De la globalización, que con algo de suerte podría constituir el anuncio de la mayor patria del mundo, se aprovecha sólo la igualación, la indistinción y la tontería para habilitar la pertinencia de una nueva clase única, la masa, independiente de las relaciones que solían invocarse para explicar la existencia de clases sociales. La componen los necesitados de emancipación, quienes ansían escapar de la cárcel invisible en la que se les impide atisbar el horizonte vital. Las políticas concebidas y enviadas desde centros tienen las miras puestas en ese pueblo acurrucado, agazapado, convertido inadvertidamente en bulto sin rostros. Es la invención por la cual se deshumaniza al hombre, convirtiéndolo en ejemplar de la manada. Su gran novedad consiste en que, para lograr sus objetivos, que también incluyen el de la dominación, se vale de una acción incruenta, de una manipulación insensible, la imposición de un poder instalado en la misma conciencia, sin violencia corporal y con agresividad sólo psicológica, aunque practicada con anestesia mental. Con razón afirmaba Samuel Huntington, allá por los 90, que los nuevos conflictos mundiales serían por los valores culturales y no por los económicos.
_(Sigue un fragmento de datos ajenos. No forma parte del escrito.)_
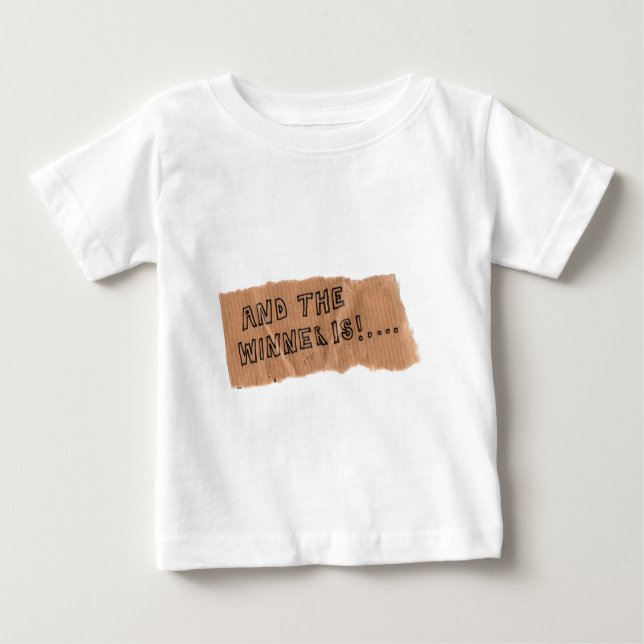 Camiseta Para Bebê E o vencedor é (Frente)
Pero el hombre no está hecho de barro para que lo moldeen. Hasta cierto punto puede resultar natural que haya llegado a convertirse en juguete de un niño caprichoso llamado civilización, socialización, polis, institucionalización, las formas novedosas de la jurisprudencia y de la neurotecnología, de todo esto y de otras condicionantes que han dejado de ocuparse del hombre. Hasta se rechaza que la denominación “hombre” sea digna de describir lo humano, fuese humanidad de varón o de hembra. Han dejado atrás al hombre en tanto criatura humana, que no trae el programa de vida inscrito en su instinto ni forma de poder improvisarlo sin el peligro de la aniquilación.

REFERENCIAS

[1] José Ortega y Gasset, La rebelión de las masas, Madrid, Revisa de Occidente en Alianza Editorial, 1979.
2 Elías Canetti, Masa y poder, Madrid, Alianza Editorial, 2016.
3 Eugenio Trías, “Minorías globales”, en La funesta manía de pensar, Barcelona, Galaxia Gutenberg, 2018, p. 113. Trías se preguntaba alrededor de 2012 si esa cultura de Minorías Globales estaba ausente en España, por lo que se podría preguntar si en el Uruguay de 2018 también está ausente. Se trata de las elites que se deseaba aniquilar.